> [WHAT IS NEEDED] When you reach the line containing "New River Beach Provincial Park" in the data below, begin returning lines exactly as written, and stop once the line containing "2019 Nissan Sentra S" has been returned.

(Short text fragments from websites)

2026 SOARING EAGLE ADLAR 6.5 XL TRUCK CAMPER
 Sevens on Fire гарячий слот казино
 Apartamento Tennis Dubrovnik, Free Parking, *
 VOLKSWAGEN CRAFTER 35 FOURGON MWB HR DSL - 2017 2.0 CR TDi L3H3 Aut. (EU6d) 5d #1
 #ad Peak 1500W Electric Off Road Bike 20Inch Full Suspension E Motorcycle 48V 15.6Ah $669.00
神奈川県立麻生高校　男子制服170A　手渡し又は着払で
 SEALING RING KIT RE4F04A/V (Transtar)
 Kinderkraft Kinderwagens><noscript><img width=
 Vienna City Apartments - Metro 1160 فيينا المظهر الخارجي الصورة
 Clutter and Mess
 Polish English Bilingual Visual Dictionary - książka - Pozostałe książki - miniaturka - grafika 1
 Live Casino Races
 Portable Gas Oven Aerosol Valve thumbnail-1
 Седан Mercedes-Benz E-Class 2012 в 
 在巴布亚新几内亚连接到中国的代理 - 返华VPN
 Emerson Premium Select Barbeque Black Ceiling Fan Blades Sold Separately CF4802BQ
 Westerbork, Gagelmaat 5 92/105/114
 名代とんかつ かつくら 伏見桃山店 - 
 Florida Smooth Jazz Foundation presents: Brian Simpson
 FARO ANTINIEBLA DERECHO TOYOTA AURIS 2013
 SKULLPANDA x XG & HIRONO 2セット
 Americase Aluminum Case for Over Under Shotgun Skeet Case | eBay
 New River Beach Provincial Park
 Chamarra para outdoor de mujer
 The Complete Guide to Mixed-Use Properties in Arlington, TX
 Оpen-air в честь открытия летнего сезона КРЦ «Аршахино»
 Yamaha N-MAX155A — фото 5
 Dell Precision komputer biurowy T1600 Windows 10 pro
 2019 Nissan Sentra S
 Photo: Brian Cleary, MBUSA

> [WRITTEN SOLUTION]
 New River Beach Provincial Park
 Chamarra para outdoor de mujer
 The Complete Guide to Mixed-Use Properties in Arlington, TX
 Оpen-air в честь открытия летнего сезона КРЦ «Аршахино»
 Yamaha N-MAX155A — фото 5
 Dell Precision komputer biurowy T1600 Windows 10 pro
 2019 Nissan Sentra S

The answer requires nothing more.